═══ SUPPLIED MATERIAL ═══

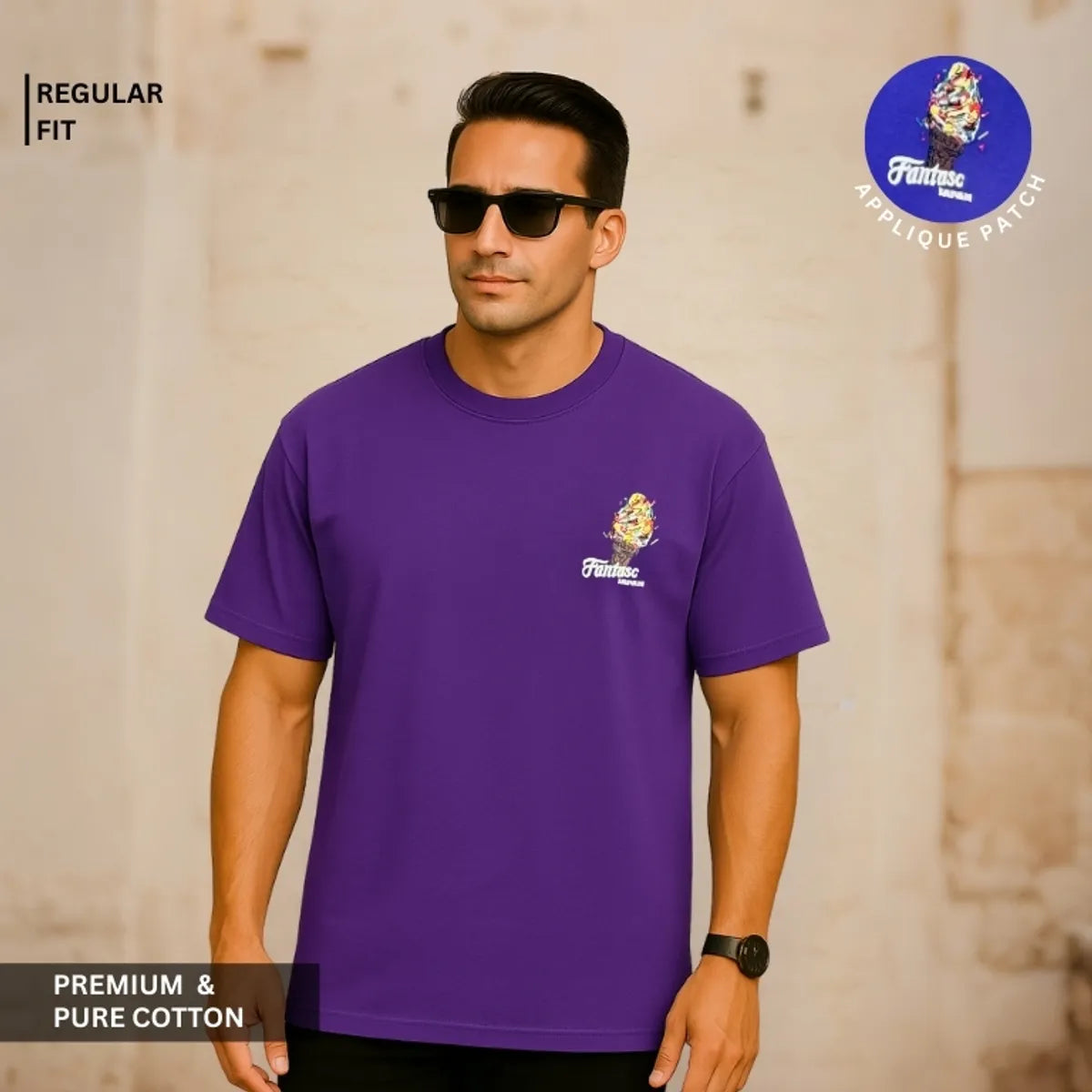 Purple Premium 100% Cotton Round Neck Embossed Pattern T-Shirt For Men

═══
═══ SUPPLIED MATERIAL ═══

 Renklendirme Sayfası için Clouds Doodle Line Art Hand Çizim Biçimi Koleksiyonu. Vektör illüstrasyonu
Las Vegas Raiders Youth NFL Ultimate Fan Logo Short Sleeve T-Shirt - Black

═══

• [TASK REQUIREMENTS]: Retype, exactly and in full, the lines above from the one containing "Renklendirme Sayfası için" through the one containing "Las Vegas Raiders".

• [SOLVED PROBLEM]:
 Renklendirme Sayfası için Clouds Doodle Line Art Hand Çizim Biçimi Koleksiyonu. Vektör illüstrasyonu
Las Vegas Raiders Youth NFL Ultimate Fan Logo Short Sleeve T-Shirt - Black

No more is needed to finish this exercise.